LISTED ENTRIES Block Start
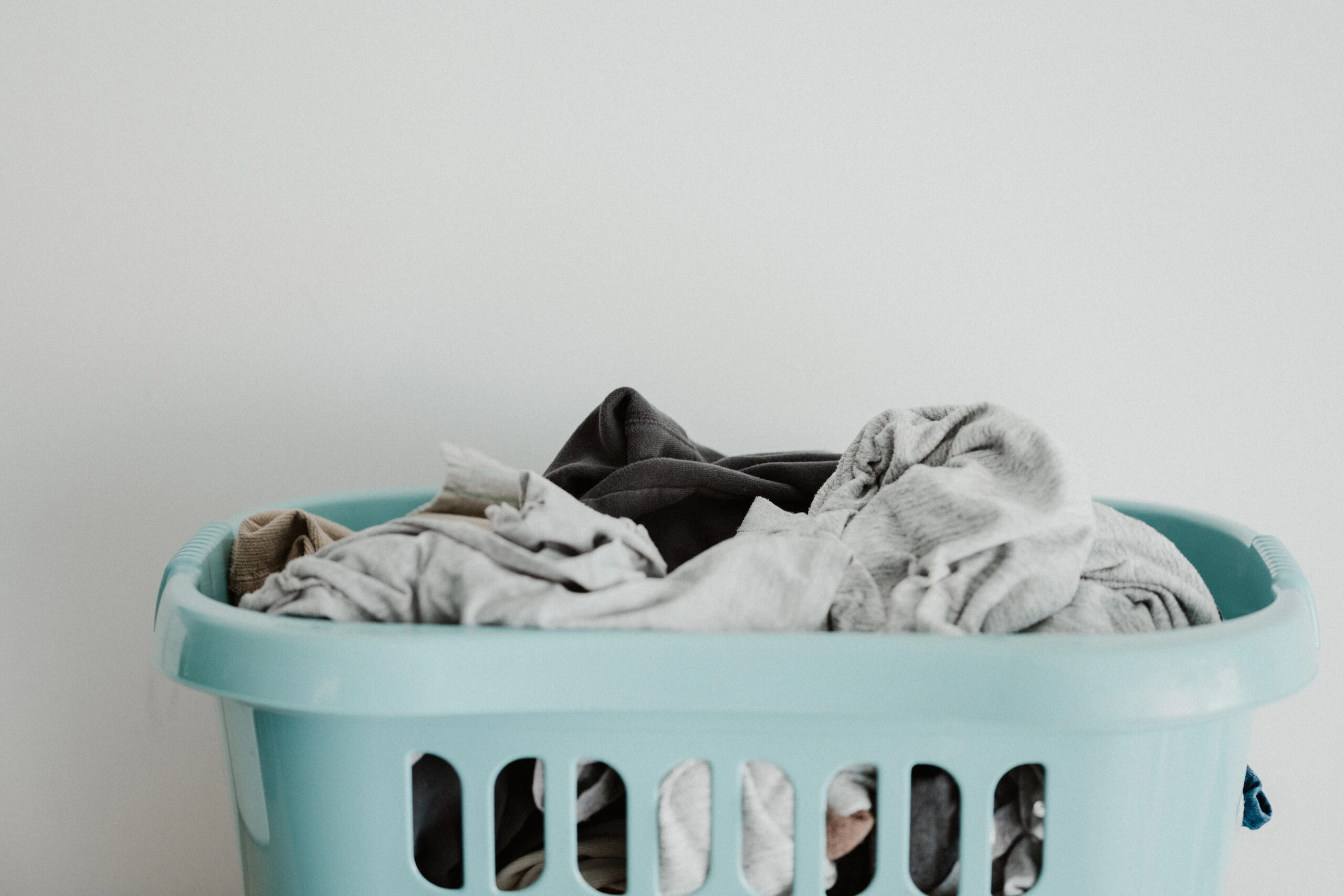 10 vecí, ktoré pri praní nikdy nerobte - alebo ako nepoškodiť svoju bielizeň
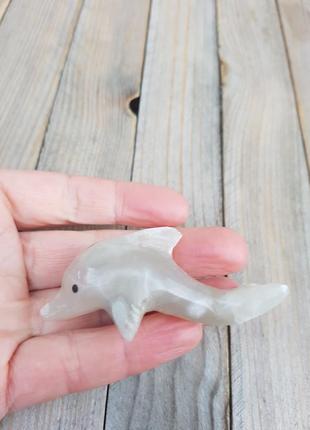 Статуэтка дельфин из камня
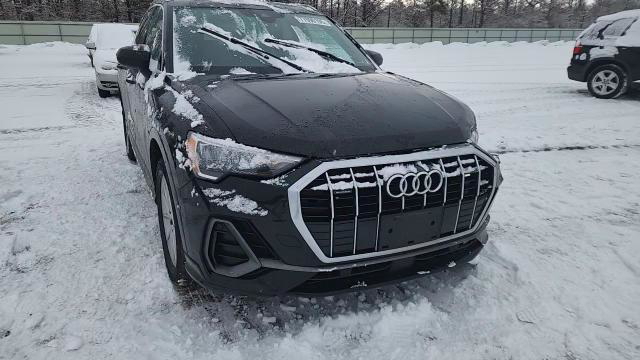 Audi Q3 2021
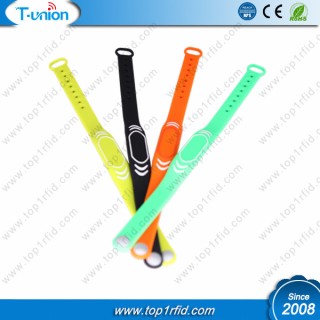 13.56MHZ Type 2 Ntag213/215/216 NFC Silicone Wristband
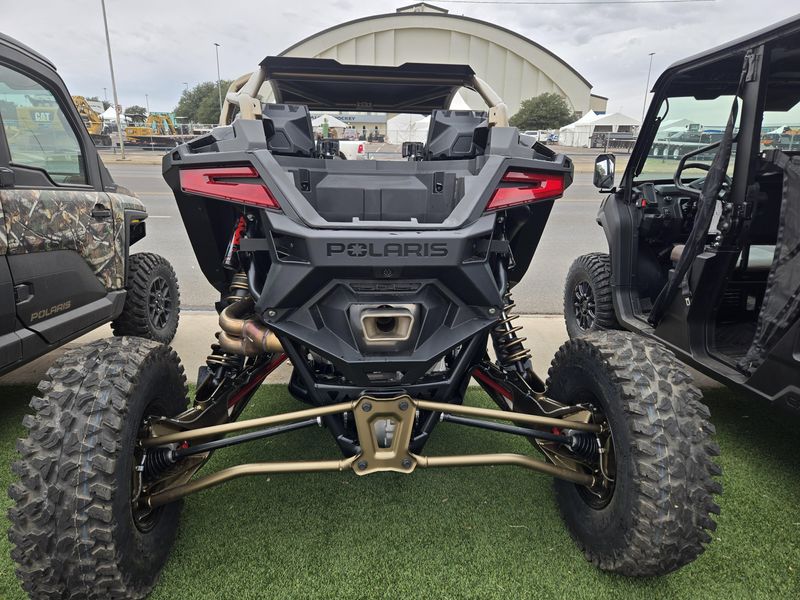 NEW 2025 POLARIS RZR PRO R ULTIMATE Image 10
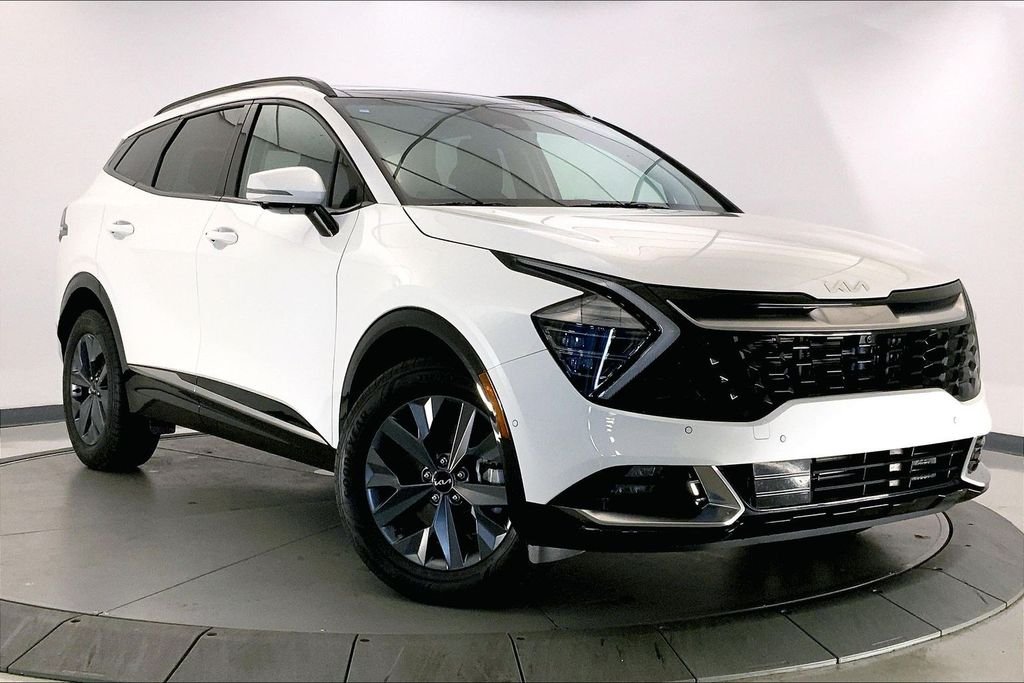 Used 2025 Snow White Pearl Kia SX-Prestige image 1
LISTED ENTRIES Block End
* **WHAT THE TASK REQUIRES**
Any pictures above are to be left out. Retype the rest of the records exactly.

* **EXERCISE OUTPUT**
 10 vecí, ktoré pri praní nikdy nerobte - alebo ako nepoškodiť svoju bielizeň
 Статуэтка дельфин из камня
 Audi Q3 2021
 13.56MHZ Type 2 Ntag213/215/216 NFC Silicone Wristband
 NEW 2025 POLARIS RZR PRO R ULTIMATE Image 10
 Used 2025 Snow White Pearl Kia SX-Prestige image 1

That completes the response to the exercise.